Furthermore, the language of Section 6802(b) of the Act, 42 Pa.C.S. § 6802(b), which informs an individual of the forfeiture action and invites him to “file an answer ... setting forth your title in, and right to possession of, said property,” is sufficient and “reasonably calculated to inform [the] interested part[y] of the pending action, and the information necessary to provide an opportunity to present objections.” Pennsylvania Coal Mining Association v. Insurance Department, 471 Pa. 437, 452, 370 A.2d 685, 692-93 (1977); see Celane v. Commonwealth Insurance Commissioner, 51 Pa.Cmwlth. 633, 415 A.2d 130 (1980).
Here, the notice was sufficient to permit Owens to participate in the forfeiture matter by showing “a facially colorable interest in the proceeding,” Commonwealth v. One 1985 Dark Blue Mercedes Benz Car, 391 Pa. Superior Ct. 507, 510, 571 A.2d 482, 483 (1990) (citation omitted), and “demonstrat[ing] an interest in the seized item sufficient to contest the forfeiture.” Commonwealth v. Wingait Farms, 659 A.2d 584, 595 (Pa.Cmwlth.), petition for allowance of appeal denied, 543 Pa. 697, 670 A.2d 144 (1995), and petition for allowance of appeal granted, 542 Pa. 676, 668 A.2d 1137 (1995). The fact that the Commonwealth’s notice to Owens did not inform him that, if a hearing is scheduled, arrangements will be made to secure his attendance, did not prejudice him nor prevent him from filing an answer or statement of his interest in the seized property, which he failed to do.

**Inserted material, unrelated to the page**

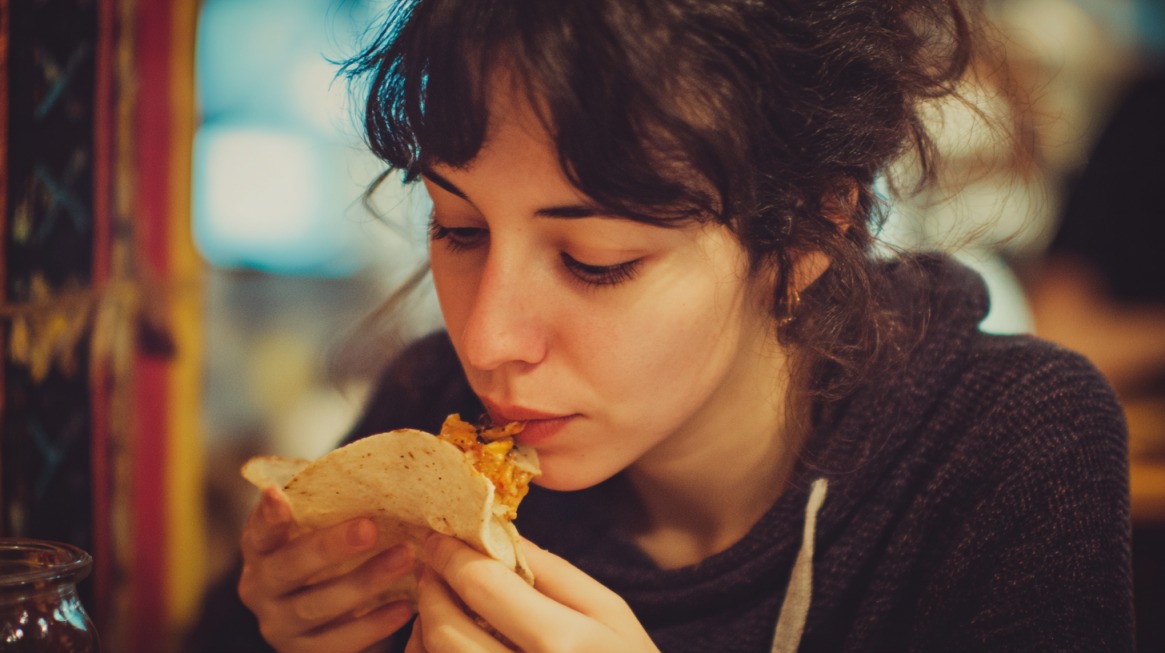 A person eating a tortilla, taking a bite while holding it close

*278Therefore, we hold that the trial court did not err in holding that Owens’ notice of forfeiture/rule to show cause was sufficient and denying his Petition to Strike Off and/or Open Default Judgment.
Accordingly, we affirm.
ORDER
AND NOW, this 24th day of June, 1996, the order of the Court of Common Pleas of Cumberland County in the above-captioned matter is hereby affirmed.
. Owens was incarcerated for drug offenses at the State Correctional Institution at Camp Hill, Pennsylvania.
. Our scope of review is restricted to whether the record supports the factual findings of the trial court as well as a determination of the reasonableness of the inferences and legal conclusions drawn from the findings of fact. Commonwealth v. $16,208.38 U.S. Currency Seized from Holt, 160 Pa.Cmwlth. 440, 635 A.2d 233 (1993).
. Owens also asserts that Pa. R.C.P. No. 1018.1 requires a notice of forfeiture to include a notice to defend. While it appears this legal argument was not preserved before the trial court, Fatzinger v. City of Allentown, 140 Pa.Cmwlth. 62, 591 A.2d 369 (1991), appeal denied, 529 Pa. 653, 602 A.2d 862 (1992), we will consider its application as it is necessarily intertwined with appellant’s central argument.
. Act of June 22, 1964, Special Sess., P.L. 84, as amended, 26 P.S. §§ 1-101-1-903.